- SUNDIAL CALCULATIONS -

Sunrise, Sunset... 8.4k


  • Averaging Data for the Sun's Position
  • Selecting the Observer's Position
  • Analemmic Gnomon Design
  • Determining Angle ai, and xi
  • Determining Angle bi, and yi
  • Compensating for the Perceived Edge of Shadow.
  • Ephemeris Data and Date Coordinates.

    Averaging Data for the Sun's Position-

          When designing this sundial, I wanted to pick 365 data points to construct the analemmic gnomon that indicate dates as accurately as possible every day each year during the four year leap year cycle. Because February 29th only occurs on leap year I chose to not try to include it on the gnomon. Since there is no February 29th on the gnomon, the sundial's greatest date inaccuracy would be during a leap year on February 29, when the gnomon would be 1/2 day "slow" (indicating February 28th) until noon, and 1/2 day "fast" (indicating March 1st) for the remainder of the day. Because there are actually 365.25 days in the year, each of the gnomon's 365 days will thus be revealed by the sun 1/4 day later each year until the four-year leap year cycle is completed.

          To derive these 365 average data or date points for the gnomon, I used the Ephemeris report data for the position of the sun as observed at noon from a fixed reference point on Earth from the dates March 1, 1997 through February 28, 1999.

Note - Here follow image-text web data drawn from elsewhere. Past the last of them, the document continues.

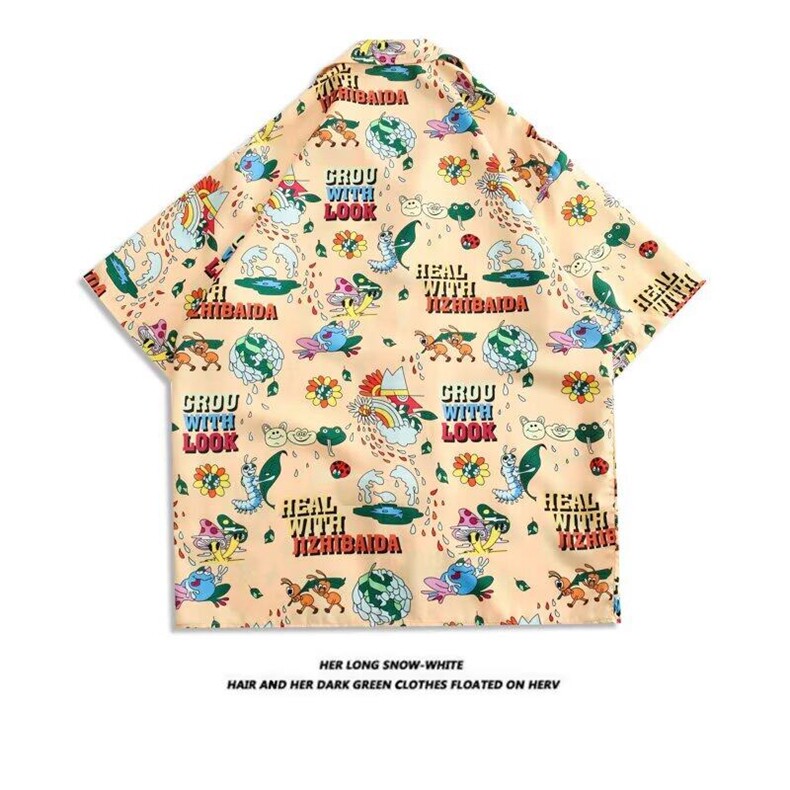 美式复古短袖夏威夷花衬衫宽松古巴领沙滩度假bf潮薄款衬衣男，男装衬衫，星座506B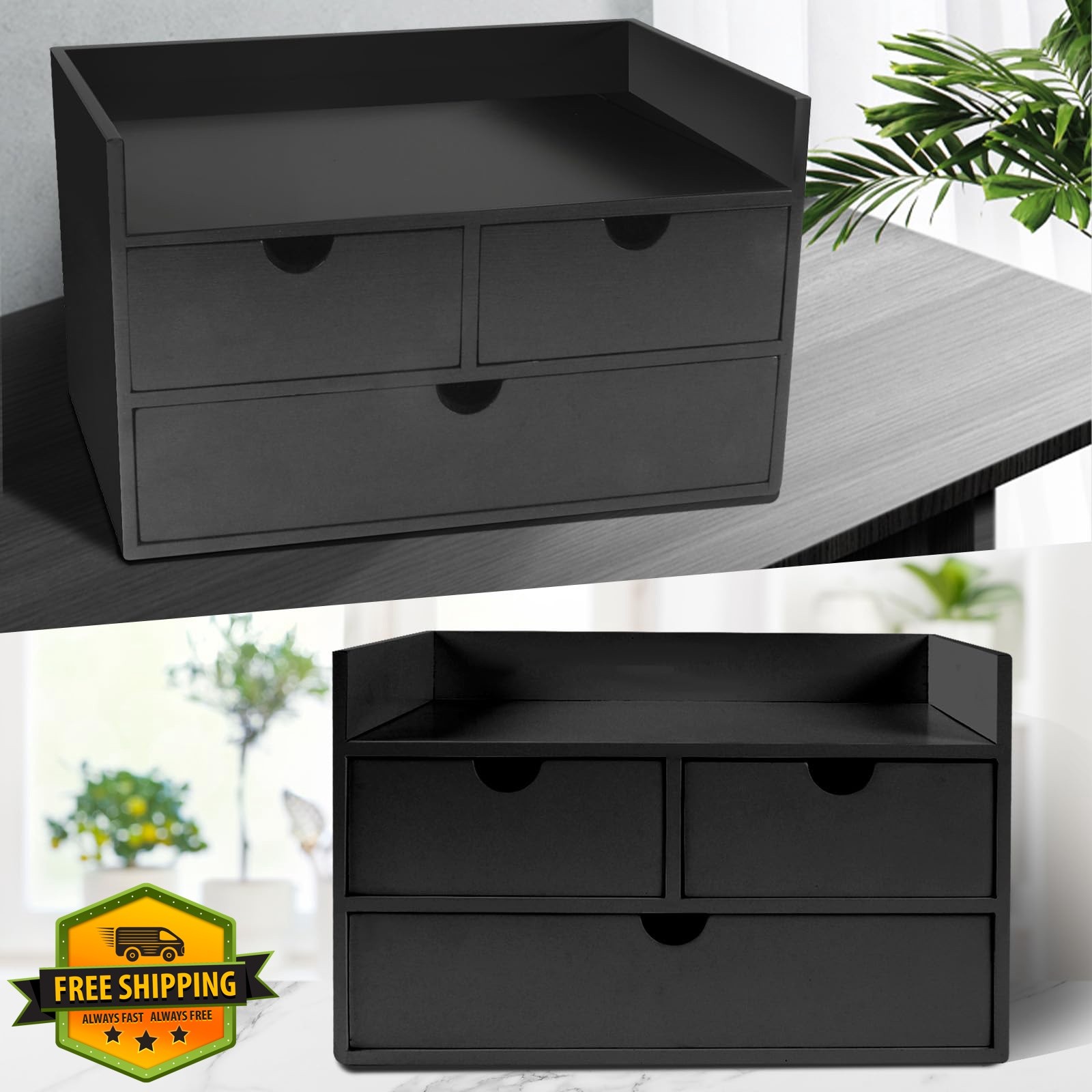 Charmewooden Bamboo 3 Drawer Desk Organizer Black With Shelf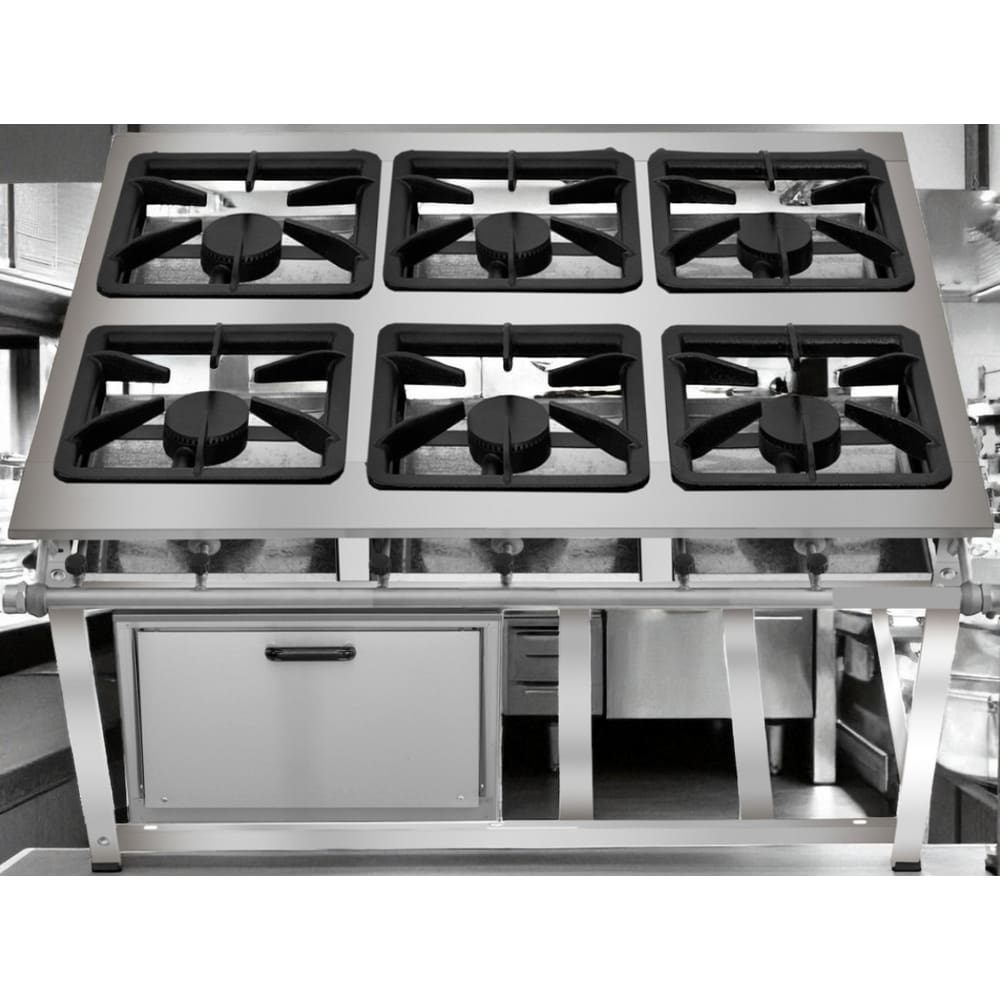 Fogão Industrial 6 Bocas Ap P8 em Aço Inox com Forno Leona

          The 730 days were then paired (March 1, 1997 with March 1, 1998, etc.) and a weighted average was then used to calculate the sun's azimuth and altitude position for 365 "average" days of the year. The data for the days closest to February 28, 1998 and March 1, 1998 were weighted highest, and the data for the days closest to March 1, 1997 and February 28, 1999 were weighted lowest. Thus, the average position (PosAvg) for the sun on a given pair of days was calculated by:

         PosAvg = (dA - 1) / 364 x PosA + (730 - dB) / 364 x PosB ; where:
    
         dA = days 1 through 365 (March 1, 1997 through February 28, 1998)
         dB = dA + 365 = days 366 through 730 (March 1, 1998 through February 28, 1999)
         PosA = the sun's azimuth and altitude position on the dates between days 1 and 365.
         PosB = the sun's azimuth and altitude position on the dates between days 366 and 730.
    
    Thus, for March 1:
         PosAvg = (1 - 1) / 364 x PosA + (730 - 366) / 364 x PosB ; where
    
         PosA = the sun's azimuth and altitude position on day 1, March 1, 1997; and 
         PosB = the sun's azimuth and altitude position on day 366, March 1, 1998. 
    
    And for February 28:
         PosAvg = (365 - 1) / 364 x PosA + (730 - 730) / 364 x PosB ; where
    
         PosA = the sun's azimuth and altitude position on day 365, February 28, 1998; and
         PosB = the sun's azimuth and altitude position on day 730, February 28, 1999. 
          Calculating the sun's average position in the above manner provides construction points (date points) for the analemmic gnomon which are most accurate during years which are between leap years. Since there is no February 29th on the gnomon, its greatest date inaccuracy would be during a leap year on February 29, when the gnomon would be 1/2 day "slow" (indicating February 28th) until noon, and 1/2 day "fast" (indicating March 1) for the remainder of the day. The dates indicated by the gnomon would be 1/2 to 1/4 day fast for the remainder of the year, 1/4 to 0 day fast the second year, 0 to 1/4 day slow the third year and 1/4 to 1/2 day slow the fourth year until noon on the next February 29th.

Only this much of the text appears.